▸ Data shown:
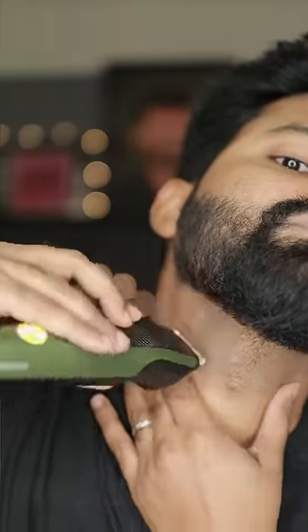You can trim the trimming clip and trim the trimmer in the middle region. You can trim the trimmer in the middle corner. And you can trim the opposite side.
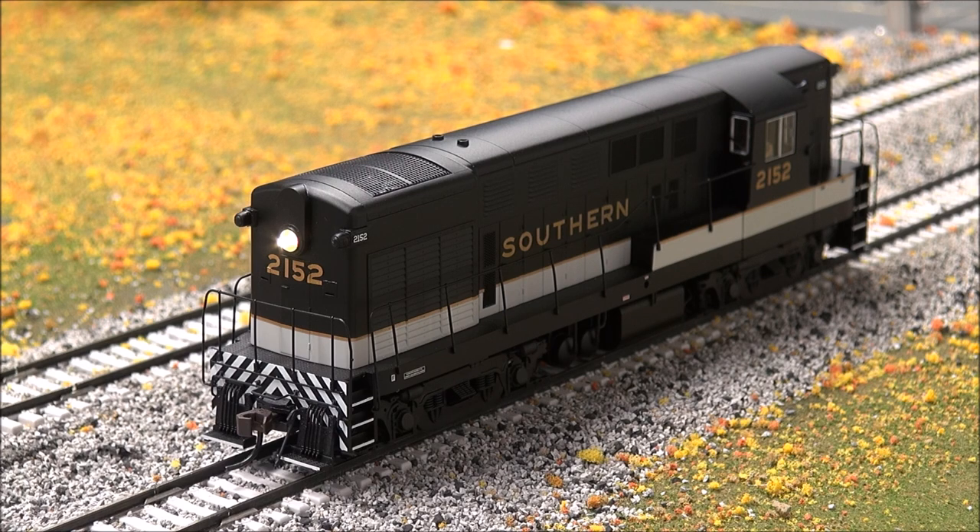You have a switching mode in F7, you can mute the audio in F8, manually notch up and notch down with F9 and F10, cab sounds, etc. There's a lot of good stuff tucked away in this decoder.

==

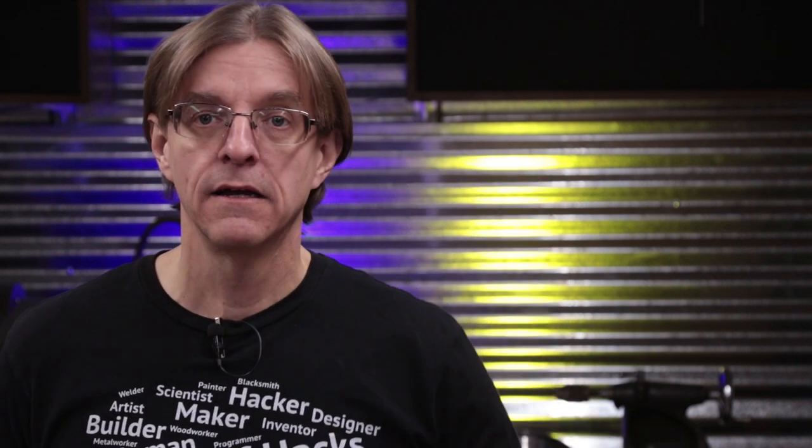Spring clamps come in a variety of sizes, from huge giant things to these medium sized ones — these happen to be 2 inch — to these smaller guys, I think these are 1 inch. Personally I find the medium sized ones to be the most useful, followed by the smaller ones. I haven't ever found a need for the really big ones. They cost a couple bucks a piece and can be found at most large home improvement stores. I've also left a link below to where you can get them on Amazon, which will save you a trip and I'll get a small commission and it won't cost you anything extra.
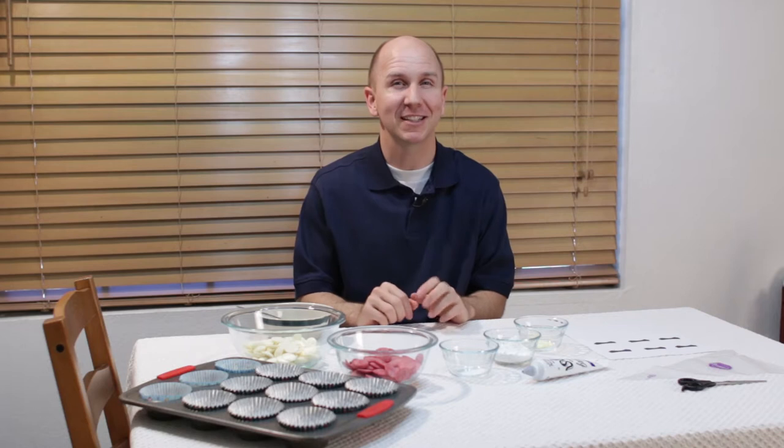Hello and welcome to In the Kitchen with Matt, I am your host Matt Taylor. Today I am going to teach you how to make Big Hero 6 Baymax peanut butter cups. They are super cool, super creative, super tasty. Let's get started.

▸ Exercise description:
Could you output exactly the lines above, from the line with "You can trim the trimming" up to and including the line with "You have a switching", and nothing else, skipping the pictures?

▸ Completed task:
You can trim the trimming clip and trim the trimmer in the middle region. You can trim the trimmer in the middle corner. And you can trim the opposite side.
You have a switching mode in F7, you can mute the audio in F8, manually notch up and notch down with F9 and F10, cab sounds, etc. There's a lot of good stuff tucked away in this decoder.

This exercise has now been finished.